# Thread: Maximum number of vectors

1. ## Possible Challenge: Maximal set

Let $V$ be an $m$-dimensional vector space over a finite field of order $p^n$ for some prime $p$ and some positive integer $n$. Let $K\subset V$ be a collection of vectors such that every subset $K'\subset K$ with $|K'|=m$ is a basis for $V$. What is the maximum size of $|K|$?

2. ## Re: Maximum number of vectors

For notation, I will use $p$ instead of $p^n$, and just say $p$ is a prime power. I believe $|K|=k$ where $k$ is the smallest integer such that

$\sum_{i=0}^m (-1)^{m-i}\binom{\binom{k}{m-1}}{i}p^i \le 0$

For $p=2$, I find $|K|\le m+1$. For $m=2$, $|K|\le \left\lceil \dfrac{p^2}{p-1}\right\rceil$. I haven't checked for larger $p,m$ yet.

3. ## Re: Maximum number of vectors

I'm wrong. For $p=4, m=2$, $|K|\le 5$.

I know why I was wrong. Suppose $|K|=k$ and we want to add one additional vector. Let's figure out the set of forbidden vectors. The zero vector is forbidden.

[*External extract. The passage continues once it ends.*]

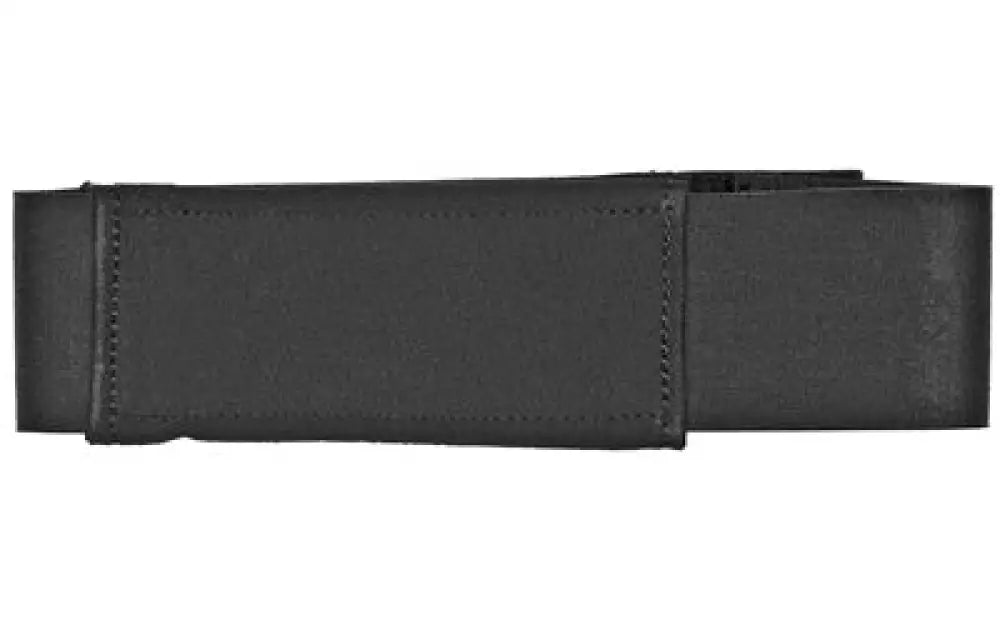 Ggg Tourniquet Pouch Black Buy at Faith and Freedom Outdoors - Pouches - Pouch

There are $p-1$ nonzero multiples for each of the $k$ vectors. There are $(p-1)^2$ linear combinations of each of the $\binom{k}{2}$ pairs of vectors. So, the number of forbidden vectors is

$\sum_{i=0}^{m-1}\binom{k}{i}(p-1)^i$

So, we want the smallest positive integer $k$ such that

$\sum_{i=0}^{m-1}\binom{k}{i}(p-1)^i\ge p^m$

For $m=2$, that means $1+k(p-1)\ge p^2$, so $k\ge \dfrac{p^2-1}{p-1}$ means $k\ge p+1$, or $k=p+1$.

For $m=3$, that means $1+k(p-1)+\binom{k}{2}(p-1)^2 \ge p^3$

Simplifying, we have $k^2-k\dfrac{p-3}{p-1}-2\dfrac{p^3-1}{(p-1)^2} \ge 0$

So, $k\ge \dfrac{\sqrt{8p^3+p^2-6p+1}+p-3}{2(p-1)}$

Is that right? Or is there a possibility for overlap? Are linear combinations of 2 vectors unique among other sets of 2 vectors where among the four vectors, any three are linearly independent?